Comparison of Efficacy of Methotrexate and Azathioprine in Patients With Chronic Actinic Dermatitis: A Randomized Controlled Trial

Overview

The aim of this study is to evaluate the efficacy and safety of AZT and MTX in patients with Chronic Actinic Dermatitis (CAD). These drugs have been used successfully as steroid-sparing alternatives in a variety of related dermatoses and this trial may help in paving the path towards the ubiquitous use of these cost-effective and relatively safer drugs in CAD patients of our population. The researchers will try to answer the following questions: 1. Is methotrexate safe and efficacious in treating CAD? 2. Is there a difference in efficacy of methotrexate and azathioprine in the treatment of this disease? After the enrollment of patients and taking consent, participants will be divided in two treatment groups via lottery method. Group A will be administered oral methotrexate 10mg/week after a test dose while group B will be administered tablet azathioprine at a dose of 0.3mg/kg daily after. Both group of patients will be advised regarding strict sun protection measures (sunblock, hats, sunglasses etc.). The baseline investigations for both groups will include complete blood picture (CBC), liver function tests (LFTs), renal function tests (RFTs), electrocardiogram, chest X-ray and urine analysis while thiopurine methyltransferase (TPMT) levels will be assessed specifically for group B patients. The patients will be followed up at week 4, 12 and 24. CBC, RFTs and LFTs will be done at each follow-up and Eczema Area and Severity Index (EASI) score will be calculated, Investigator global assesment (IGA) score will also be calculated .

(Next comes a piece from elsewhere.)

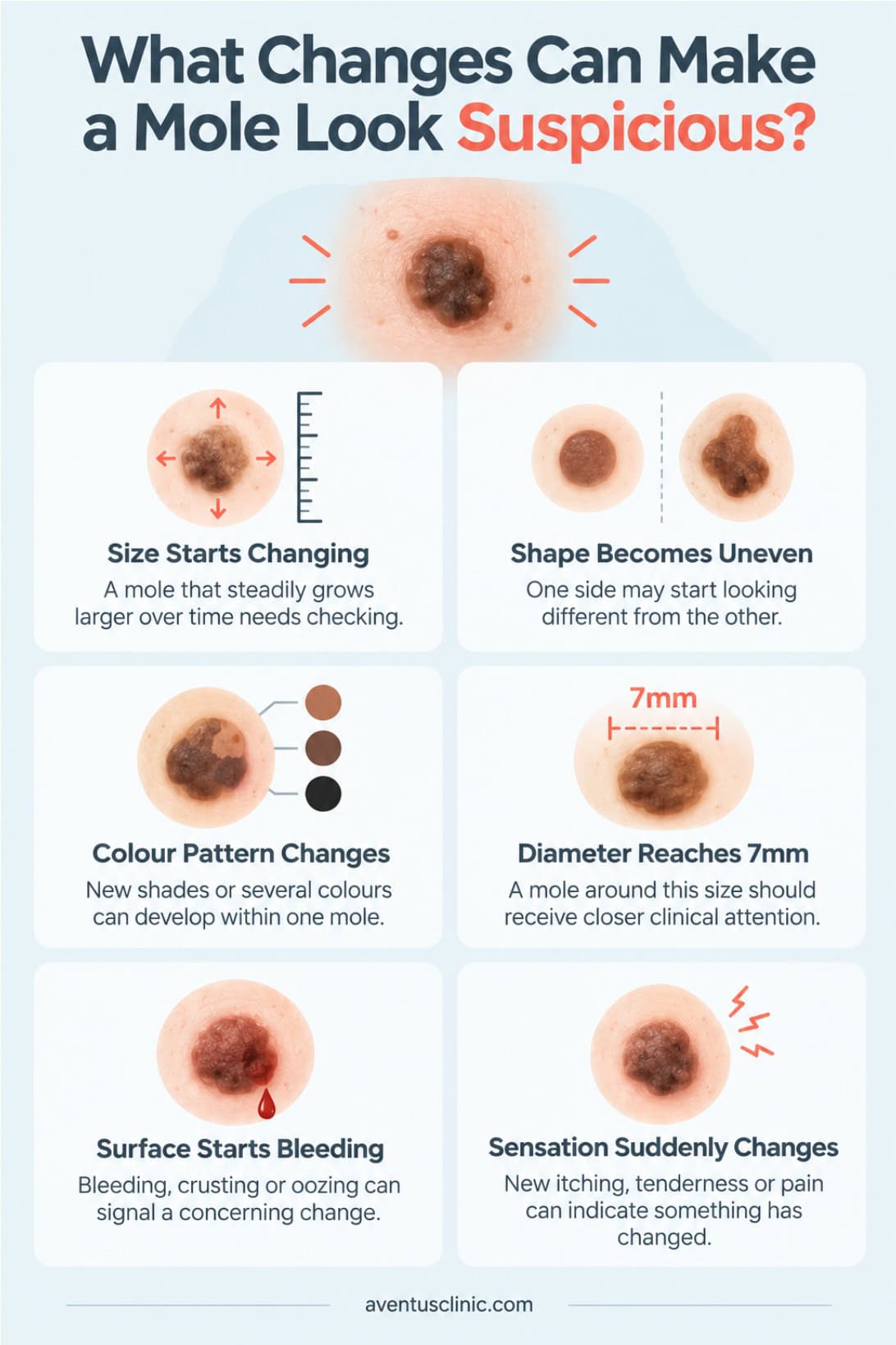 What changes can make a mole look suspicious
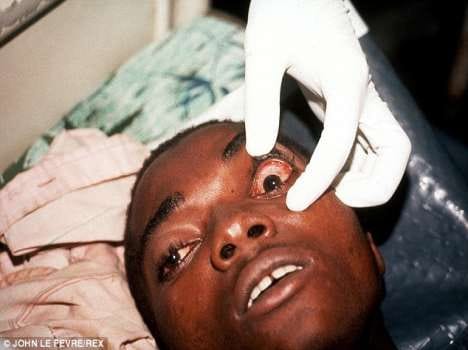 outbreak of ebola virus in west africa jp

Weekly complete blood picture (CBC) will be done until the last dose escalation for group B patients. Both group of patients will be advised regarding strict sun protection measures (sunblock, hats, sunglasses). The baseline investigations for both groups included CBC, liver function tests (LFTs), renal function tests (RFTs), electrocardiogram, chest X-ray and urine analysis while TPMT levels will be assessed specifically for group B patients. The patients will be followed up at week 4, 12 and 24. CBC, RFTs and LFTs will be done at each follow-up. EASI score will be calculated at baseline and at subsequently at each follow-up visit. A comparison from the EASI score from the last visit will be made at each follow-up to assess whether any patient achieved the primary outcome of EASI-50 (50% improvement in EASI score from baseline). Investigator global assessment (IGA) score will be used as a secondary outcome measure. It is a subjective measure of disease severity which is assessed by the physician on patient's every visit. It ranges from 0 to 4 (0-clear, 1-almost clear, 2-mild, 3-moderate, 4-severe). An IGA score of 0-2 will be considered as the outcome measure. Patients will be also asked for any specific side-effects of the treatment at every follow-up. The data including the demographic profile of the participants will be recorded on a printed form. The data will be kept under lock and key and will be available only to the treating physician and the research team.